- _RECORDS PROVIDED_
──────

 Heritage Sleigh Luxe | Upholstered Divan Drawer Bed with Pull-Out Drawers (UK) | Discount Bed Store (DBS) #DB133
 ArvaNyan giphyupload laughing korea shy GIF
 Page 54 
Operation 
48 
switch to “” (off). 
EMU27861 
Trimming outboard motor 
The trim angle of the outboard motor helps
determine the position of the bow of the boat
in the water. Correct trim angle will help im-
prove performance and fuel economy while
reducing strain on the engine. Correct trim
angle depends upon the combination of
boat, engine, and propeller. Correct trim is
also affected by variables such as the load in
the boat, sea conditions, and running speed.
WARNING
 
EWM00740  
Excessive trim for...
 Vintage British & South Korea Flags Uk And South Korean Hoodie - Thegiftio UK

──────

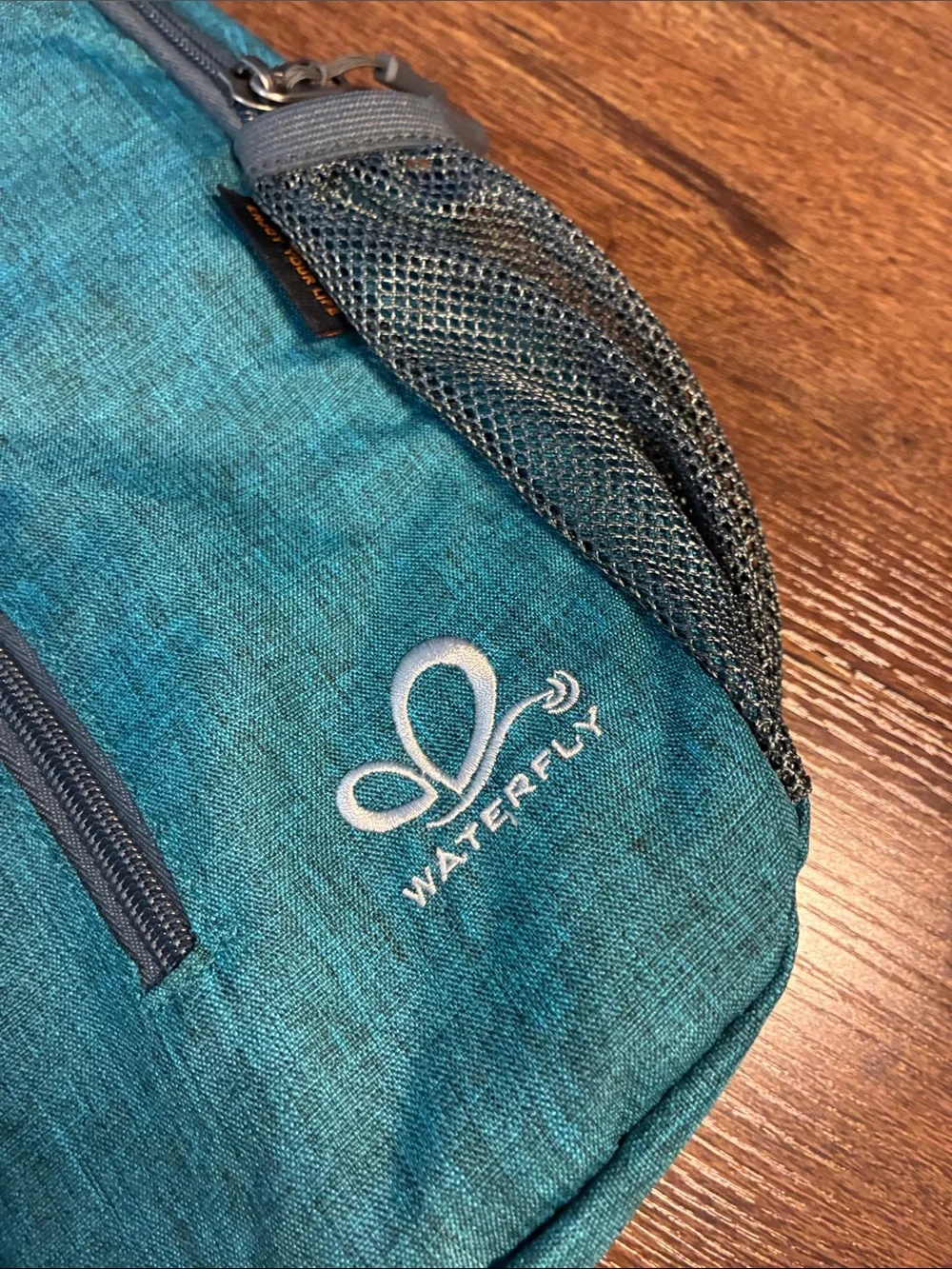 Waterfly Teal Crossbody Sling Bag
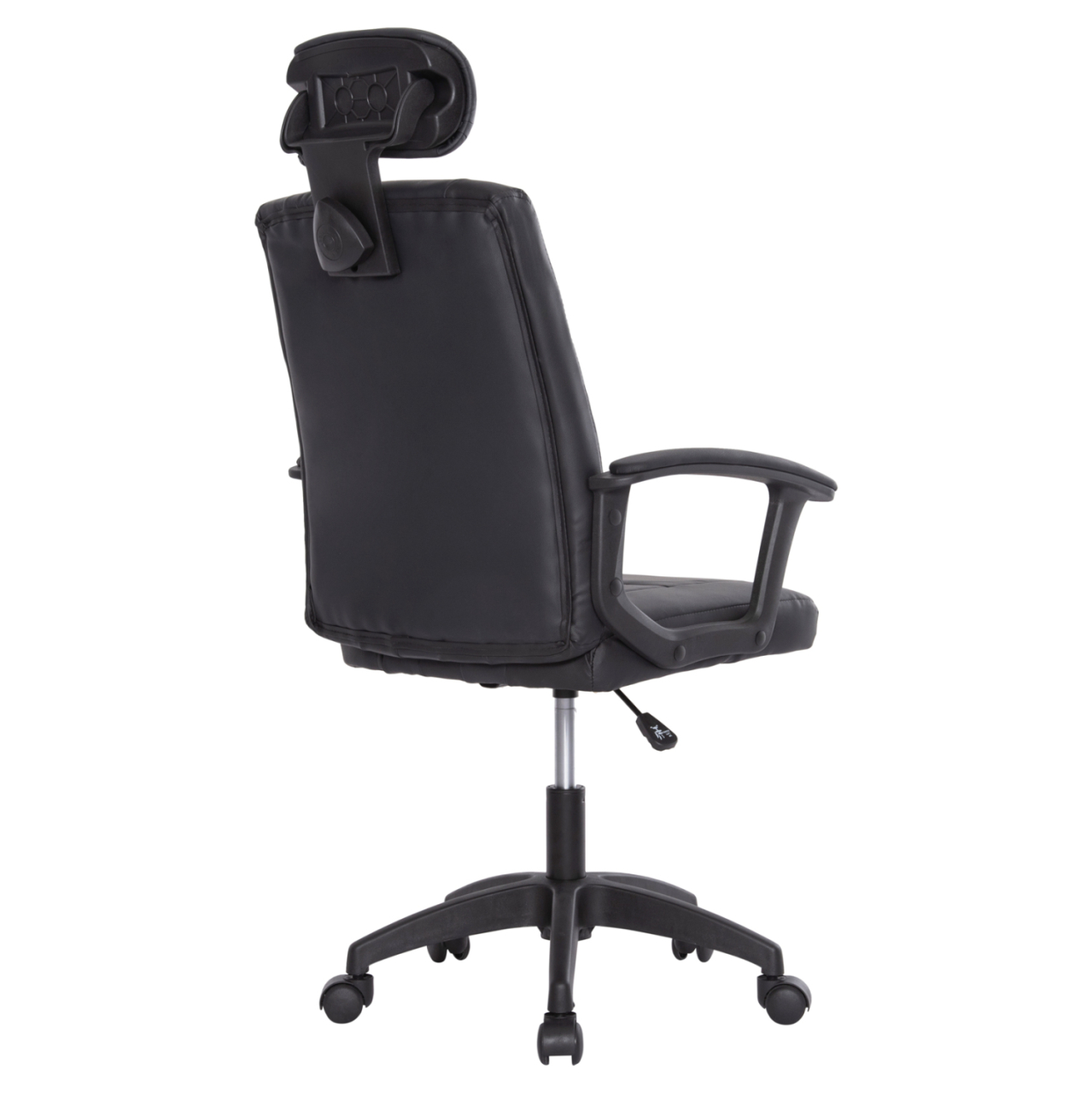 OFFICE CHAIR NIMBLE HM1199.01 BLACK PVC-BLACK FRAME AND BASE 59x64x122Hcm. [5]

──────

- _WORK ITEM_
Copy each line above that contains the string "boat".

- _ANSWER SPACE_
determine the position of the bow of the boat
boat, engine, and propeller. Correct trim is
the boat, sea conditions, and running speed.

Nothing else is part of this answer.